BRIEF SUMMARY OF THE INVENTION
[0008] A detailed description is given in the following embodiments
with reference to the accompanying drawings.
[0009] The invention provides a heat dissipation fan, the heat
dissipation efficiency and space utilization of which are optimized
by the height ratio of the rotor blades to the static blades, rotor
and static blade numbers, and improved static blade design.
[0010] In an embodiment of the invention, the heat dissipation fan
includes a housing, a first rotor, a second rotor, a base, and a
plurality of static blades. The first rotor comprises a shaft and a
plurality of rotor blades. The second rotor couples to the first
rotor and comprises a plurality of rotor blades. The base is
disposed in the housing for supporting the first and second rotors.

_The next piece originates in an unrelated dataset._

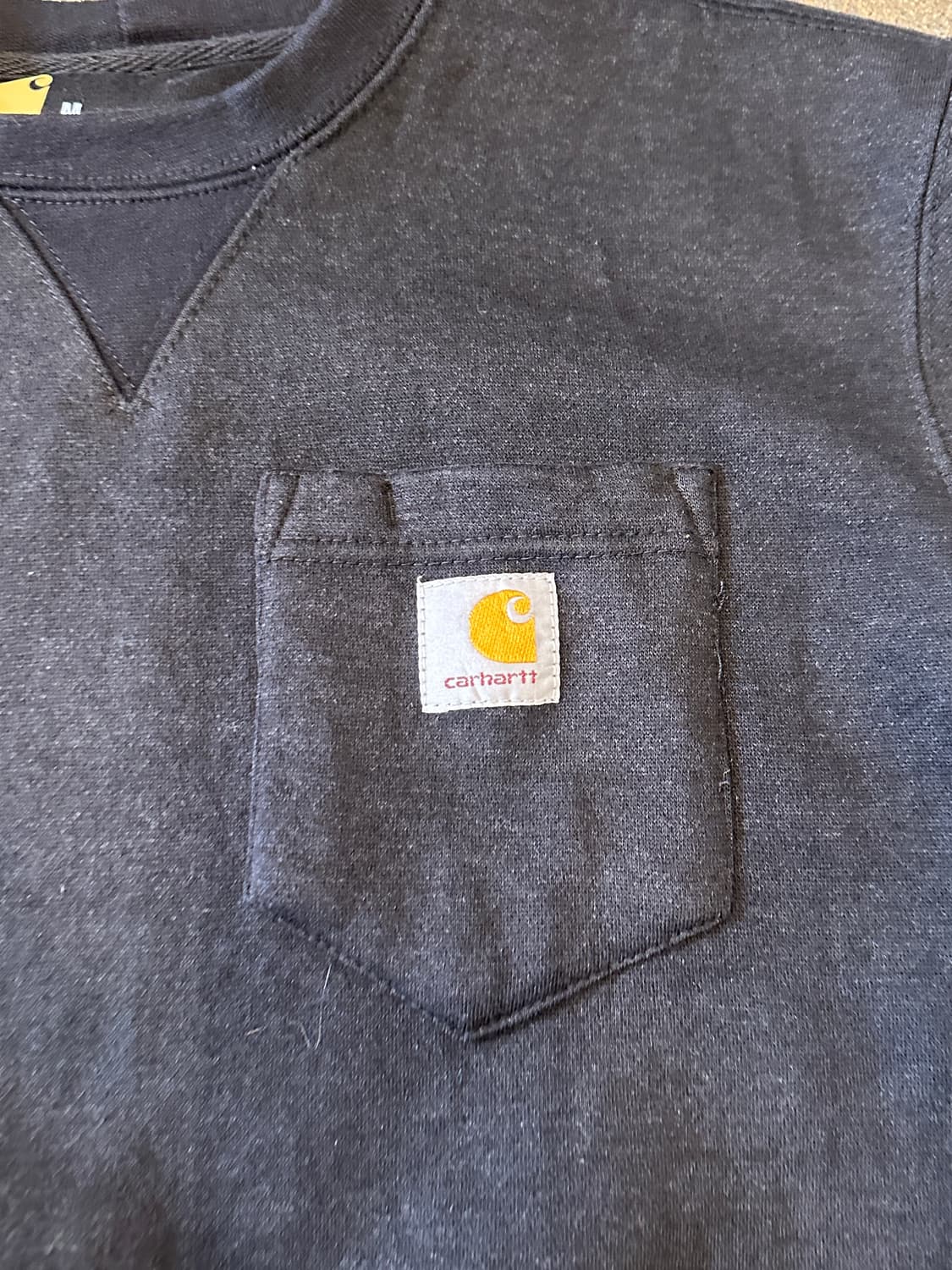 칼하트 포켓 맨투맨 스웻셔츠 L 상품이미지3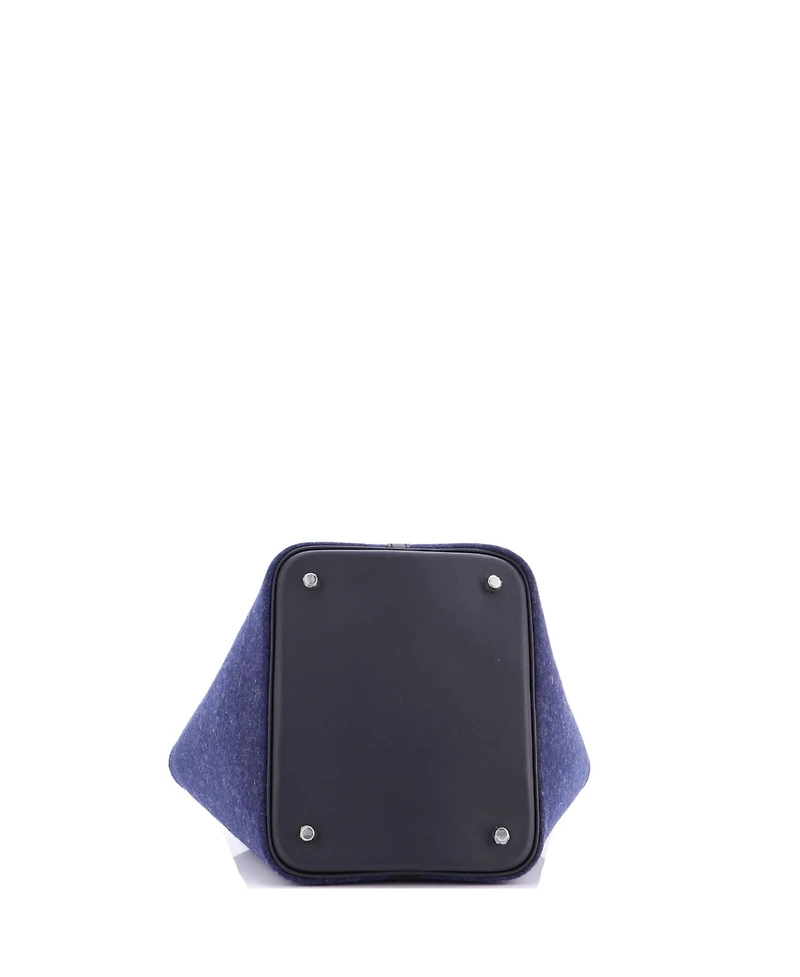 Pre-Owned HERMES Mm Picotin Lock Bag Felt with Leather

The static blades are disposed between the housing and the base,
wherein a rear portion of each static blade extends along an axial
line of the heat dissipation fan, improving efficiency of the
second rotor.
[0011] In a modified embodiment, a length of the rear portion is
1/3 to 1/5 of that of the static blade.
[0012] The second rotor is disposed on the lee side of the first
rotor. An end of the shaft passes through a top surface of a hub of
the second rotor to be fixed thereon by riveting, screwing,
adhesion or other equivalent means. The first rotor and the second
rotor rotate at the same speed.
[0013] The heat dissipation fan includes a first air-guiding shroud
disposed on a side of the housing and a second air-guiding shroud
disposed on another side of the housing. The first or second
air-guiding shroud includes a plurality of static blades disposed
therein. The first air-guiding shroud or the second air-guiding
shroud expands outward in a flared shape. The first air-guiding
shroud and the second air-guiding shroud are connected to the
housing by wngaging, riveting, screwing, adhesion, or other
equivalent means.
[0014] The first rotor and the second rotor include a hub, and the
rotor blades disposed around the hub. The hub of the first rotor is
conical or tapered, or has an inclined surface. Each of the hubs of
the first and second rotors comprises a plurality of heat
dissipation holes for allowing airflow to pass therethrough so as
to dissipate an internal heat of the fan. An inner surface of each
heat dissipation hole is inclined. The hub of the second rotor is
cup-shaped.
[0015] In a modified embodiment, the number of rotor blades of the
first rotor is different from that of the second rotor. The number
of rotor blades of the first rotor is 9, and the number of rotor
blades of the second rotor is 8 or 5. The number of rotor blades of
the first rotor is 8, and the number of rotor blades of the second
rotor is 9 or 5. The number of static blades is 7.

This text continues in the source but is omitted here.